▸ **WHAT IS NEEDED**: Line by line, retype the material exactly and leave each picture out.

▸ **SUPPLIED MATERIAL**:

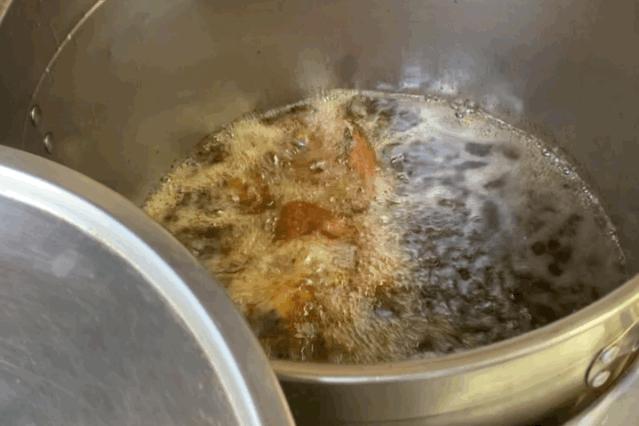 先卤后炸的火锅鸡,先卤后炸全鸡图片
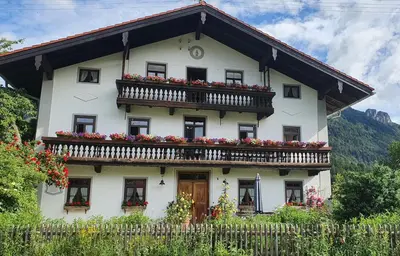Ein allgemeiner Bergblick oder ein Berglick von des Bauernhofs aus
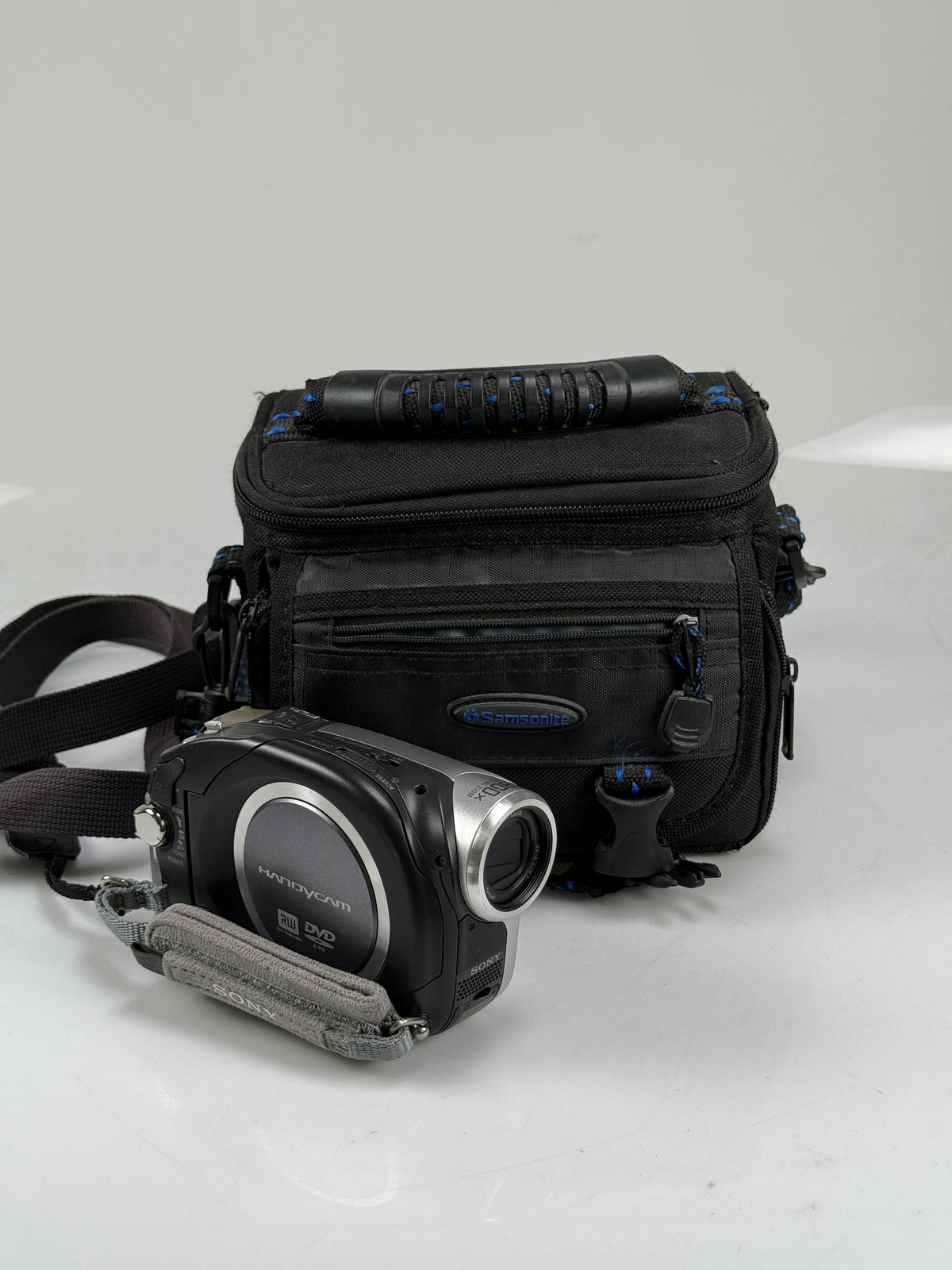 Sony Handycam DCR-DVD103 Camcorder Video Camera Recording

▸ **RESPONSE TO THIS EXERCISE**:
 先卤后炸的火锅鸡,先卤后炸全鸡图片
Ein allgemeiner Bergblick oder ein Berglick von des Bauernhofs aus
 Sony Handycam DCR-DVD103 Camcorder Video Camera Recording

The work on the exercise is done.